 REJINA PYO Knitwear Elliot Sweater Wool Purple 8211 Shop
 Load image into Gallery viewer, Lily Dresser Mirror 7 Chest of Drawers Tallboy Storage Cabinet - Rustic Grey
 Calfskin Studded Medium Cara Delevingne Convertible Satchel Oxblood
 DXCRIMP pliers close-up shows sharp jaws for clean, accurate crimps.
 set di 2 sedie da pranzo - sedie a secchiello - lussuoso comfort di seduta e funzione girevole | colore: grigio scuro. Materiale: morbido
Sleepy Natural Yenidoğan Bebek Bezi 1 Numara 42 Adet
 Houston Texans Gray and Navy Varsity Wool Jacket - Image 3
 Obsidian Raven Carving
++++
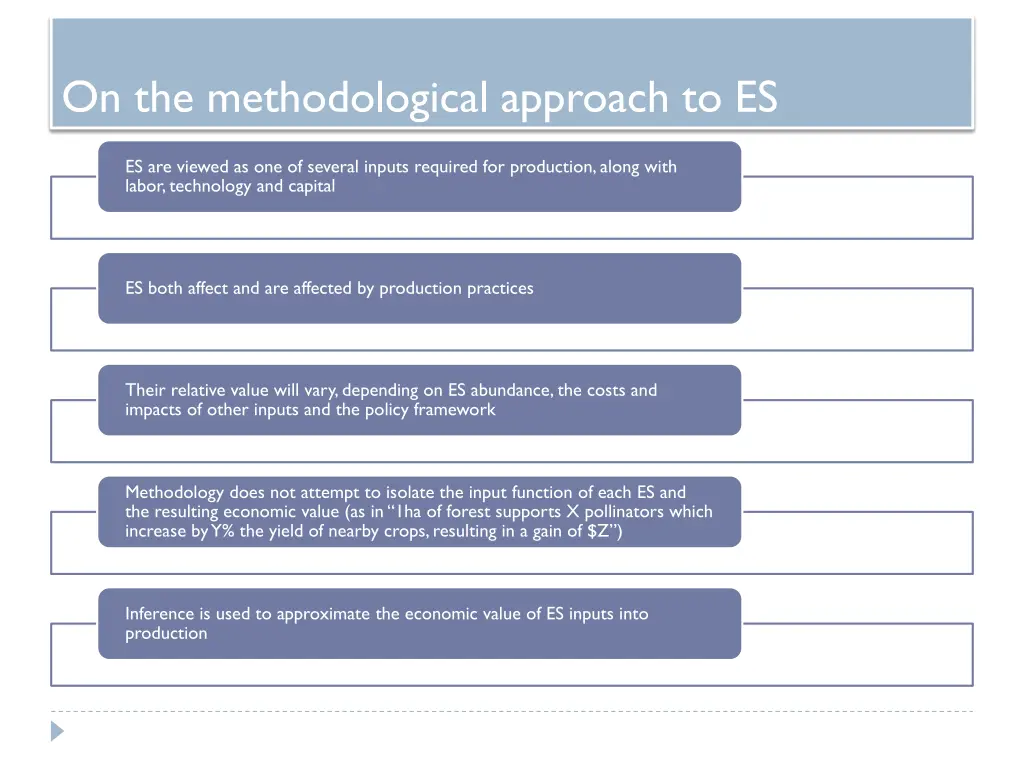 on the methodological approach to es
++++
# EXERCISE DETAILS
In the data above, retype exactly and only the lines between the one holding "REJINA PYO Knitwear" and the one holding "Sleepy Natural Yenidoğan", inclusive.

# EXERCISE SOLUTION
 REJINA PYO Knitwear Elliot Sweater Wool Purple 8211 Shop
 Load image into Gallery viewer, Lily Dresser Mirror 7 Chest of Drawers Tallboy Storage Cabinet - Rustic Grey
 Calfskin Studded Medium Cara Delevingne Convertible Satchel Oxblood
 DXCRIMP pliers close-up shows sharp jaws for clean, accurate crimps.
 set di 2 sedie da pranzo - sedie a secchiello - lussuoso comfort di seduta e funzione girevole | colore: grigio scuro. Materiale: morbido
Sleepy Natural Yenidoğan Bebek Bezi 1 Numara 42 Adet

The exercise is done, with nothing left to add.